#### [BRIEF]
Using the records below, write out again exactly the lines that begin at the line containing "Продажа на аукционе" and end at the line containing "Women's Sterling Strappy Flat Sport Sandals", and no other lines.

[Collected data entries]
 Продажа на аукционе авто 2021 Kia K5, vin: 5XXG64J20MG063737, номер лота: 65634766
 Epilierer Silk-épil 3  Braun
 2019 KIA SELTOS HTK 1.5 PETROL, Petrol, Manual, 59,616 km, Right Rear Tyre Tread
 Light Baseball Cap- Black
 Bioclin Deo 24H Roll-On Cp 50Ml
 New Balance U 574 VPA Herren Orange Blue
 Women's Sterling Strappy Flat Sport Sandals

* * *

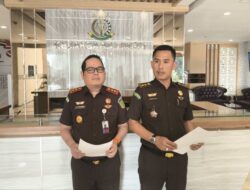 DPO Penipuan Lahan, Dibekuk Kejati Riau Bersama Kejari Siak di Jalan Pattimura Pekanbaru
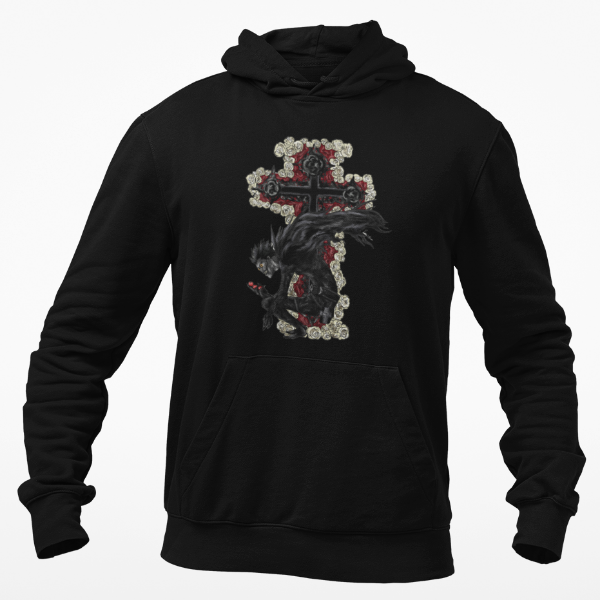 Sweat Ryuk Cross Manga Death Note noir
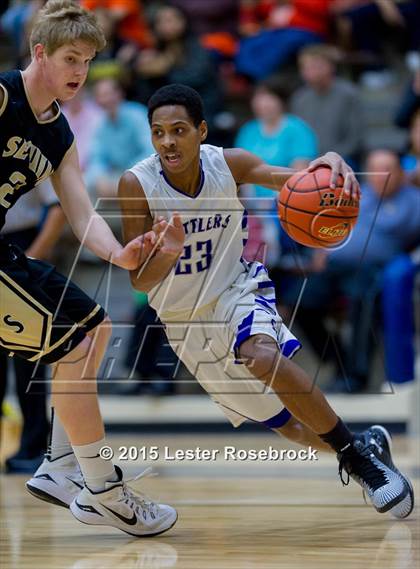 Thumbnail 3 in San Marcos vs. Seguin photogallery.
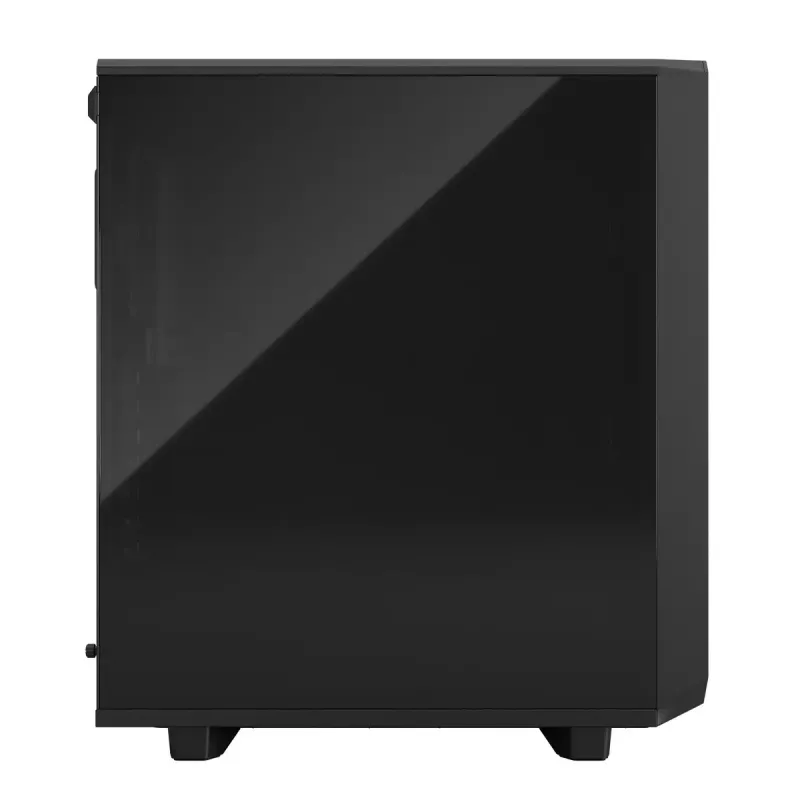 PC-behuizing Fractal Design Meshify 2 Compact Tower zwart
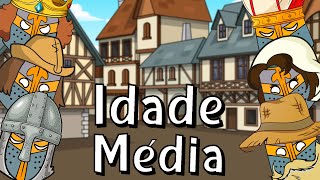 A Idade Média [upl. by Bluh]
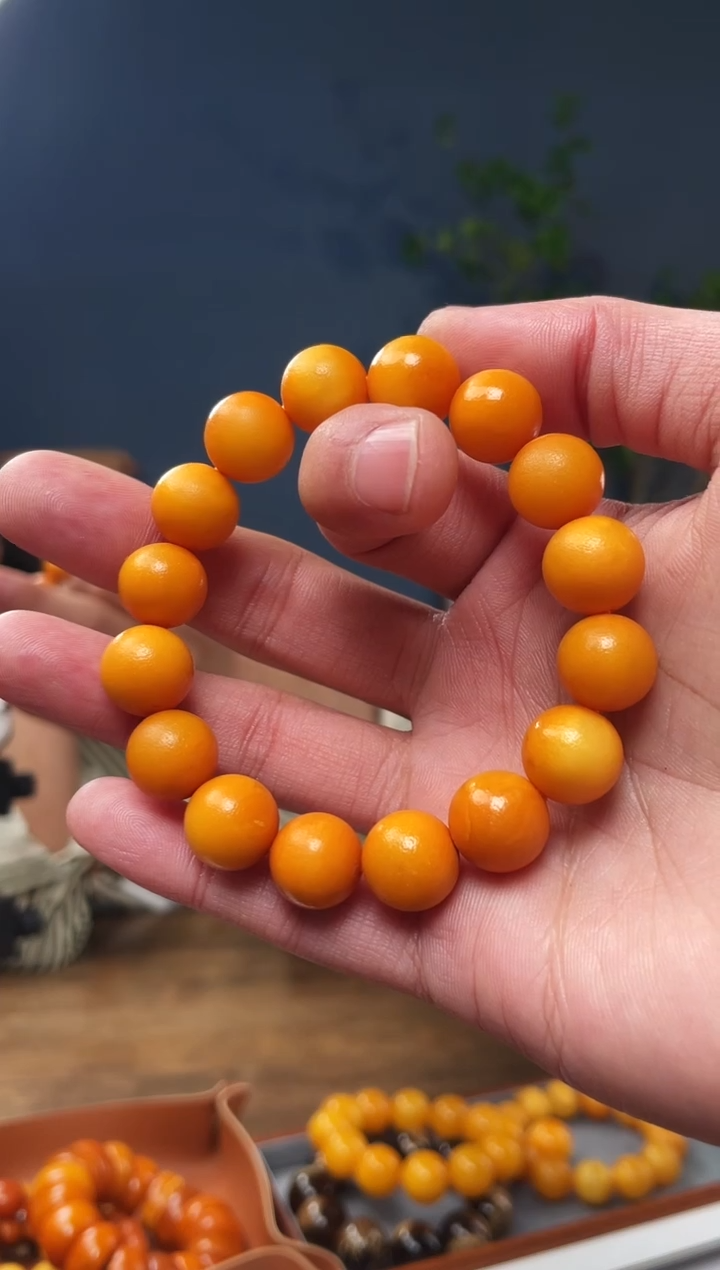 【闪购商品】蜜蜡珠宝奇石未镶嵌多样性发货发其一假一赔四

#### [THE COMPLETED TASK]
 Продажа на аукционе авто 2021 Kia K5, vin: 5XXG64J20MG063737, номер лота: 65634766
 Epilierer Silk-épil 3  Braun
 2019 KIA SELTOS HTK 1.5 PETROL, Petrol, Manual, 59,616 km, Right Rear Tyre Tread
 Light Baseball Cap- Black
 Bioclin Deo 24H Roll-On Cp 50Ml
 New Balance U 574 VPA Herren Orange Blue
 Women's Sterling Strappy Flat Sport Sandals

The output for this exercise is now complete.